Wanted to visit Rohingya camps: Pope

Pope Francis

Pope Francis

DHAKA : Pope Francis on Saturday held his traditional in-flight press conference en route to Rome following his visit to Myanmar and Bangladesh, saying he had wanted to visit Rohingya camps in Bangladesh, reports UNB.

“I would have liked to go. I would have liked to go, but it wasn’t possible. The things are studied and it wasn’t possible for various factors, also the timing and the distance… but other factors as well,” he told reporters at the briefing.

Pope Francis, however, said the refugee camp came with a representation.

Apart from Rohingya people, nuclear arms, globalisation and future travel plans came up during the briefing, according to a text of the briefing shared by Vatican Radio.

Responding to a question, he said there were groups of terrorists there who sought to take advantage of the situation of the Rohingyas, who are a people of peace.

“This is like all the ethnicities, in all the religions there is always a fundamentalist group.

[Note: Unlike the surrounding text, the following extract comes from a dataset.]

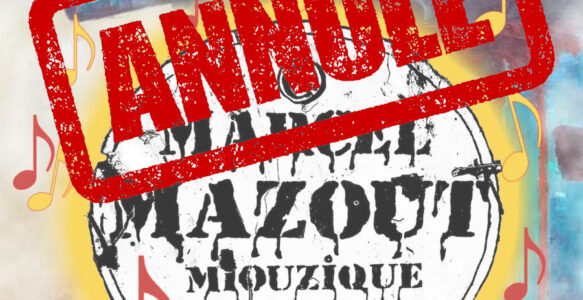 Marcel Mazout – ANNULÉ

We Catholics also have them. The military justify their intervention because of these groups,” Pope Francis said.

“I try not to speak with these people. I try to speak with the victims because the victims were the Rohingya people who on the one hand suffered that discrimination and on the other were defended by terrorists – and the government of Bangladesh has a very strong campaign, this is what I was told by ministers, of zero tolerance for terrorism not only for this, but to avoid other points.”

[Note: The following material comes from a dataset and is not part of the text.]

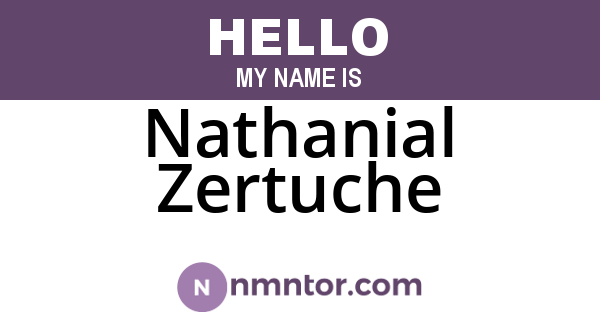 Nathanial Zertuche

He said the first plan was to go to India and Bangladesh, but then the process to go to India was delayed and the time was pushing so he chose these two countries: Bangladesh and next door Myanmar.

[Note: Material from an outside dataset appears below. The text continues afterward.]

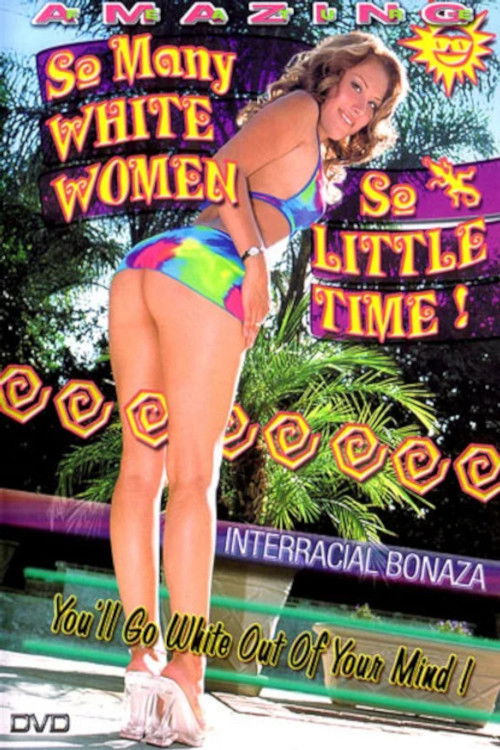 So Many White Women, So Little Time (2005) poster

Pope Francis flew back to Rome from Dhaka airport on Saturday afternoon, concluding his 21st foreign visit outside Italy that took him to Myanmar and Bangladesh.

The Pope was given an official farewell at Dhaka airport, where Foreign Minister AH Mahmood Aliwas present to see him take off on a Bangladesh Airlines aircraft on his flight back to Rome.

After his arrival in Dhaka on November 30, Pope Francis met the nation’s authorities, the diplomatic corps and civil society, and expressed appreciation for Bangladesh’s generosity and solidarity for Rohingya Muslims fleeing Myanmar.

He called on the international community to find a solution to the Rohingya crisis and help Bangladesh meet the emergency.

He also stressed that the name of God be never invoked to justify hatred and violence on others.

During an open-air Mass on Friday, the only papal Mass in this trip, the Pope ordained 17 new priests and reminded them of their call to serve Christ the teacher, priest, and shepherd and help build the people of God, the Church.

But the highlight of the entire Myanmar-Bangladesh visit came on Friday evening in a deeply moving encounter with 16 Rohingya refugees from Myanmar who have sought shelter in Cox’s Bazar.

Grasping the hands of each of the 12 men, 2 women and 2 young girls, at the end of an interfaith and ecumenical meeting in the capital, the Pope intently listened to their stories of horror, suffering and pain.

“The presence of God today is also called ‘Rohingya,’ the Pope said, asking their forgiveness for all the hurt and indifference they have endured, and demanded their rights be recognised.

On Saturday, the last day of his three-day visit to Bangladesh, the Pope visited a home for orphans, unwed mothers and destitute elderly run by the nuns of Mother Teresa.

In off-hand remarks to the nuns and priests there he praised Bangladesh for having what he called some of the best inter-religious relations in the world.He later met priests, religious and seminarians.

His last meeting of the entire trip was with young Bangladeshis among whom were also Muslims and followers of other religions.

Speaking to them at the Notre Dame College of Dhaka, he urged the young people to reject the false promises of happiness and go out of their self-centeredness to foster an environment of harmony, reaching out to others.

Commending Bangladesh’s respect for the elderly, the Pope urged them to talk to their parents and grandparents, without playing with their phones the whole day, ignoring everything around them.